HACKERS’ GUIDE TO ROGUE VM DEPLOYMENT: LESSONS FROM THE MITRE HACK

Category: Attack Matrixdisc7 @ 9:22 am

THE ATTACK: A DETAILED EXAMINATION

The cyber intrusion into MITRE’s environment was a meticulously planned and executed operation, highlighting the attackers’ advanced technical capabilities and understanding of virtualized environments. The attackers exploited specific vulnerabilities in Ivanti Connect Secure (ICS), identified as CVE-2023-46805 and CVE-2024-21887. These vulnerabilities allowed unauthorized access to the VMware infrastructure, providing the attackers with a foothold within the network.

Initial Penetration and Exploitation: The attackers began by identifying and exploiting weaknesses in the Ivanti Connect Secure (ICS) infrastructure. The vulnerabilities in question were zero-day exploits, meaning they were unknown to the vendor and had no existing patches or mitigations at the time of the attack. By exploiting these vulnerabilities, the attackers could bypass authentication mechanisms and gain administrative access to the virtualized environment.

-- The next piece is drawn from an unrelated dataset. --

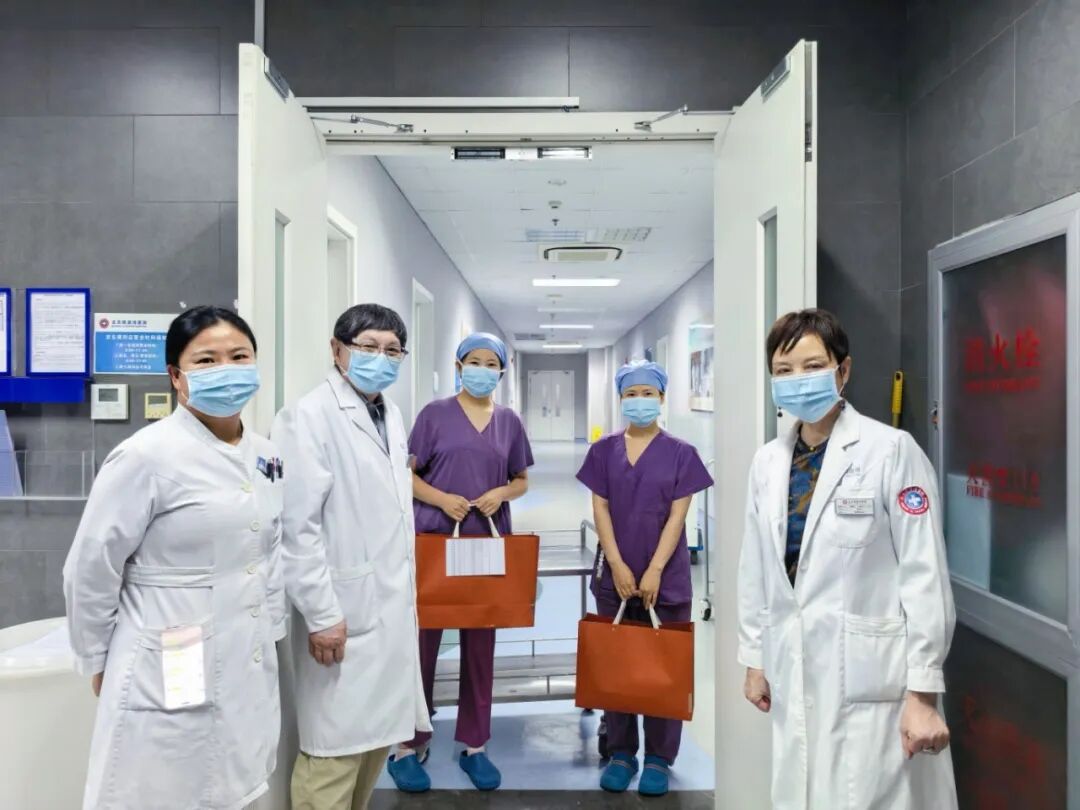 北京陆道培医院开展安全巡查及慰问：节前巡查筑防线，双节慰问暖人心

Deployment of Rogue Virtual Machines (VMs): Once inside the network, the attackers created and deployed rogue VMs. These VMs were crafted to mimic legitimate virtual machines, allowing them to blend into the existing infrastructure and evade detection. The deployment of rogue VMs served multiple purposes:

  • Persistence: Rogue VMs provided a stable and resilient presence within the network, ensuring that the attackers could maintain access over an extended period.
  • Evasion: By operating within the virtualized environment, the rogue VMs could bypass traditional security measures that focus on physical or network-based threats.
  • Expansion: The rogue VMs acted as a base for further malicious activities, including data exfiltration, lateral movement within the network, and the deployment of additional malware.

Command and Control (C2) Operations: The attackers established robust C2 channels to maintain control over the rogue VMs. These channels allowed the attackers to issue commands, receive data, and monitor the status of their malicious operations. The C2 infrastructure was designed to be resilient, utilizing techniques such as encryption and redundancy to avoid detection and disruption.

TECHNICAL DEEP DIVE: UNDERSTANDING THE ATTACK

To fully appreciate the sophistication of the attack, it is essential to delve into the technical aspects of the methodologies employed by the attackers.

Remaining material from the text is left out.